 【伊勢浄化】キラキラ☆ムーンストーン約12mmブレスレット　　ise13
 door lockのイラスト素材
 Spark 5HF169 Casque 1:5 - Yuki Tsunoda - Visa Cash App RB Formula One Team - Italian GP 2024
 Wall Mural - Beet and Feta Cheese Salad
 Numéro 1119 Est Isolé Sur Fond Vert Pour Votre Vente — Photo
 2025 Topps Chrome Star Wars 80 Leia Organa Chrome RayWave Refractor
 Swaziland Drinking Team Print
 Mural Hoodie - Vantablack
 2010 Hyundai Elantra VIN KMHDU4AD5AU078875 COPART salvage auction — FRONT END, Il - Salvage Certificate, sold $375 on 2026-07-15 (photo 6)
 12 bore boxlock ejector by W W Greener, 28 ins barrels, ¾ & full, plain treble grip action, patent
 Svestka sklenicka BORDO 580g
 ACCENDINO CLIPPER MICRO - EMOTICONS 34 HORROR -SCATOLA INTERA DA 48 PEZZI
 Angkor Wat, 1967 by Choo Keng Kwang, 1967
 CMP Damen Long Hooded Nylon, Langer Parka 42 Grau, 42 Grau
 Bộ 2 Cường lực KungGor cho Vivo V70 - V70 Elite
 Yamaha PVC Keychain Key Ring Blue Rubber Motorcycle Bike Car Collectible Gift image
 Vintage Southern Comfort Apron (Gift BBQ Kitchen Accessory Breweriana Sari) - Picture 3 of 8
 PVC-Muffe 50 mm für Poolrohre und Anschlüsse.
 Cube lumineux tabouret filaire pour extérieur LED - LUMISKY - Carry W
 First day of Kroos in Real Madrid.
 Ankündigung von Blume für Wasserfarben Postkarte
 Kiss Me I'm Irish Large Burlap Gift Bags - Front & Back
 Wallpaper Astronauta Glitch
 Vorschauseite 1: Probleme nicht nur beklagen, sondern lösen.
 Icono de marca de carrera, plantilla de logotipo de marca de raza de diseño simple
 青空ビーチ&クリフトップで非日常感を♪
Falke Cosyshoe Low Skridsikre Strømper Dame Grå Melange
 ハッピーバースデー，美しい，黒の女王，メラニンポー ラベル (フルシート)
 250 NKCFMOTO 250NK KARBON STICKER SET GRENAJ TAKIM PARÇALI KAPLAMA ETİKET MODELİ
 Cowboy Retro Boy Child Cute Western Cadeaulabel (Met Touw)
==*==
**Activity:** Everything from the line with "ACCENDINO CLIPPER MICRO" down to the last line of the data above should be returned exactly, with both ends kept and nothing added.

**Answer below:**
 ACCENDINO CLIPPER MICRO - EMOTICONS 34 HORROR -SCATOLA INTERA DA 48 PEZZI
 Angkor Wat, 1967 by Choo Keng Kwang, 1967
 CMP Damen Long Hooded Nylon, Langer Parka 42 Grau, 42 Grau
 Bộ 2 Cường lực KungGor cho Vivo V70 - V70 Elite
 Yamaha PVC Keychain Key Ring Blue Rubber Motorcycle Bike Car Collectible Gift image
 Vintage Southern Comfort Apron (Gift BBQ Kitchen Accessory Breweriana Sari) - Picture 3 of 8
 PVC-Muffe 50 mm für Poolrohre und Anschlüsse.
 Cube lumineux tabouret filaire pour extérieur LED - LUMISKY - Carry W
 First day of Kroos in Real Madrid.
 Ankündigung von Blume für Wasserfarben Postkarte
 Kiss Me I'm Irish Large Burlap Gift Bags - Front & Back
 Wallpaper Astronauta Glitch
 Vorschauseite 1: Probleme nicht nur beklagen, sondern lösen.
 Icono de marca de carrera, plantilla de logotipo de marca de raza de diseño simple
 青空ビーチ&クリフトップで非日常感を♪
Falke Cosyshoe Low Skridsikre Strømper Dame Grå Melange
 ハッピーバースデー，美しい，黒の女王，メラニンポー ラベル (フルシート)
 250 NKCFMOTO 250NK KARBON STICKER SET GRENAJ TAKIM PARÇALI KAPLAMA ETİKET MODELİ
 Cowboy Retro Boy Child Cute Western Cadeaulabel (Met Touw)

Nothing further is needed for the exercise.